[iDC] Article on Gatekeepers

Hugemusic hmusic at ozemail.com.au
Mon Dec 18 21:11:27 EST 2006


Thanks Barry.

This is fascinating thinking.  I'm examining ways independent musos can promote their music via the media ecology - particularly MySpace and other such ventures - and a journalist by training. As you point out, there are many avenues for promotion to occur but, especially once the unwelcome messages start to dominate (spam in its many and varied forms), the gates close and this becomes less effective. I'm examining this phenomenon first-hand this month - trying to promote my survey's URL to independent musos  :-).

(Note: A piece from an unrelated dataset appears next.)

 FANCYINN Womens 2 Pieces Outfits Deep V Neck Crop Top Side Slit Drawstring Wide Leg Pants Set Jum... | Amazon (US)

What I'm wondering about, though, which your paper doesn't get into, is the relationship between first-party and third-party gatekeeping. In other words, the ways in which people "out-source" their gatekeeping functions to eg spam blockers, radio show hosts, and so on. I'm particularly interested right now because I'm reading "The future of music" by Kusek and Leonhard (http://www.futureofmusicbook.com/), which futurises the "music like water" thesis, in which people allow personalised technological agents to perform the gatekeeping role and provide them with ubiqitous, gratifying, music.

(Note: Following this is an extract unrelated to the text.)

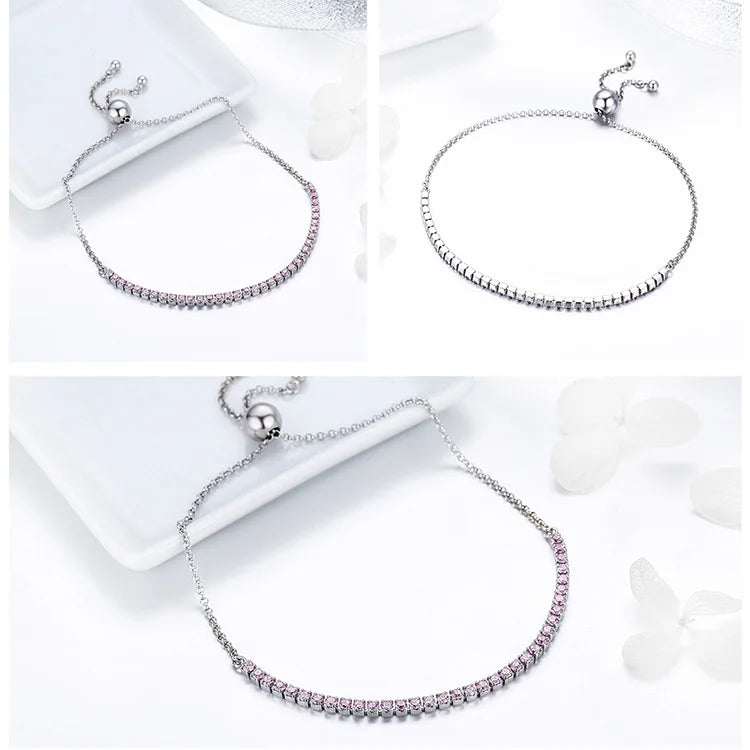 Bracelet Tennis Classique  Argent Sterling 925 Plaqué Or 14K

Now, to my way of thinking, that's a techno-utopian prospect with which there are many difficulties, and your paper has raised a lot more issues in my head.  Not least of these runs parallel to the "Daily me" thesis developed in Cass Sunstein's Republic.com (http://press.princeton.edu/titles/7014.html), which has an e-democratic, public sphere take on the same kind of automated "filtering", to use Chris Anderson's (http://www.thelongtail.com/) term for the same thing. 

How can this be reconciled? Is the cost of gatekeeping/filtering the price of increased freedom to choose?  Must it be borne by the individual (antivirus software) or can it be shared among the community (anti-spam prosecutions)? Can it be outsourced and is there a profit to be made in building filters? At what level(s) are the filters most effective? Are some of these filters (eg compliance with the "safe harbour" provisions of the DMCA) unwanted but unavoidable as far as the individual goes?  Is this really any different in essence from the current regime of journos-as-gatekeepers?

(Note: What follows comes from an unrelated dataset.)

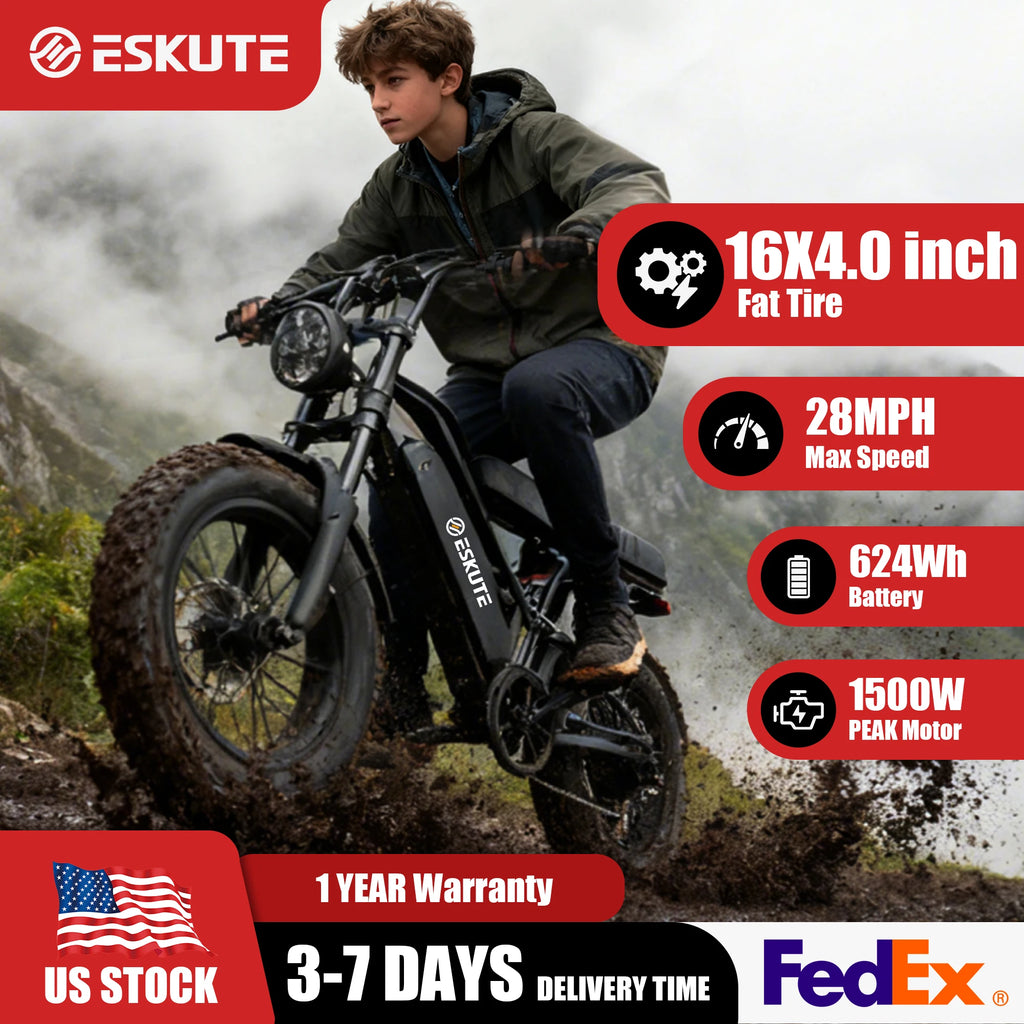 Eskute V100 Electric Bike, 1500W Peak 28MPH 48V13Ah Motorcycle, 16"x4" Fat Tire 7-Speed Dual Suspension E-Bike, 1 Year Warranty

And most importantly, will the need for filters (or involuntary enforcement of them) mean that the result of increased choice becomes, perversely, a new self-declared limitation on diversity? Or range of limitations?

WDYR???  Anyone??

Cheers,
Hughie



  ----- Original Message ----- 
  From: Barry Blesser 
  To: Institute for Distributed Creativity 
  Sent: Monday, December 18, 2006 2:07 PM
  Subject: [iDC] Article on Gatekeepers


  I write a column for one of the radio broadcast industry's magazines, Radio World Extra, but in reading the idc postings, I realized that the basic principles of that article apply far more broadly that the specific case that I discussed. I am taking the liberty of distributing that article to see if it produces any resonance. 

  The basic theme is simple. The same electronic Internet technology that allows for efficient distribution of information (now in surplus) produce a gatekeeper that each individual erects to control the message density (head space scarcity).